SALT LAKE CITY — Utahns and local leaders are honoring the legacy of Dr. Martin Luther King Jr. by sharing their memories of his life's work and volunteering for service projects to help the community.
"I spent some time marching with Dr. King. I was there for the March on Washington with the 'I Have a Dream' speech," said Pastor France Davis of Salt Lake City's Calvary Baptist Church. "Our state, as well as our country, now respects and honors those who bring about positive change."
Davis urges others to honor Dr. King's legacy by encouraging local lawmakers and representatives to champion civil rights and equal rights.
Salt Lake City Mayor Jackie Biskupski, Police Chief Mike Brown and others gave of their time at the Utah Food Bank for a Martin Luther King Jr. Day service event.
"Yes, this is a holiday, but Dr. King would want you doing service today. So, my family and I showed up this morning in partnership to really highlight that there are needs in this community every day and that we have a responsibility for one another and you need to own that responsibility," Biskupski said.
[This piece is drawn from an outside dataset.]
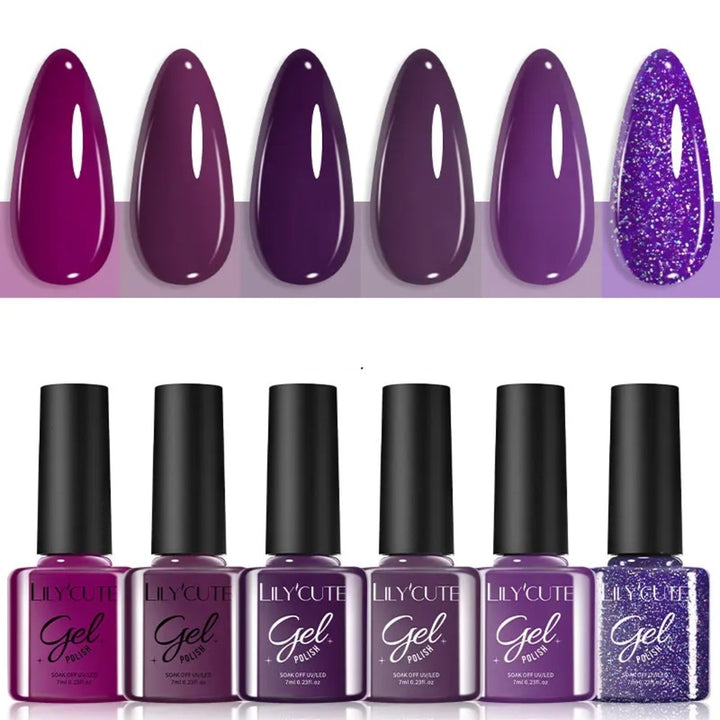 6Pcs Gel Nail Polish Soak‑Off UV Set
The volunteers, who were also joined by local police officers and firefighters, helped sort and package food for distribution, and also helped in delivering boxes of food to Utah Food Bank clients.
"It's nice to give back like [Dr. King] gave to us, so we could have diversity and equality," said Jayliyah Weir, a Highland High School student who volunteered at the food bank Monday.
Martin Luther King Jr. Day is always observed on the third Monday in January, and this year the holiday falls on Dr. King's actual birthday: January 15.
The well-known civil rights activist was assassinated in 1968 at the age of 39.